Twenty (47.6%) of the 42 patients analyzed presented both humoral and cellular responses. In severe cases, the proportion of those with both responses increased up to 85.7% (6 of 7) (eTable 3, links.lww.com/NXI/A693). In seronegative patients, a cellular response was observed in 5 of 7 (71.4%) anti–CD20-treated patients and in none of the patients treated with other DMTs or untreated patients. Mean titers of IFN-γ in anti–CD20-treated patients were similar between seropositive and seronegative PwMS (IFN-γ against Ag.1: 1.4 [SD: 2.0] vs 2.4 [SD: 2.8]; p > 0.05; Ag.2: 1.1 [SD: 1.8] vs 1.9 [SD: 2.6]; p > 0.05) (Figure 3). In anti–CD20-treated patients, mean titers of IFN-γ did not correlate with months since the last infusion or test or treatment duration (eFigures 2 and 3, links.lww.com/NXI/A693).

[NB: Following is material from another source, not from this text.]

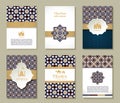 Banners set of ethnic design. Religion abstract set of layout. Royalty Free Stock Photo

Figure 3. Cellular Response to SARS-CoV-2 according to Serostatus and Treatment.

(A and B) Mean IFN-γ titers produced by T cells against SARS-CoV-2 antigen mix 1 (A) and antigen mix 2 (B) according to SARS-CoV-2 antibody positivity (Ab+; Ab−) and treatment. Each dot represents a different subject. Cutoff values for positive cellular response are indicated by a dotted line. Statistical analysis was performed using a Mann-Whitney test analysis comparing differences between groups and between antibody positive and negative cases, no statistical differences were found. Ab = antibody; other DMTs = patients with disease-modifying treatment different from anti-CD20s therapies; IFN-γ = interferon-gamma; SARS-CoV-2 = severe acute respiratory syndrome coronavirus 2.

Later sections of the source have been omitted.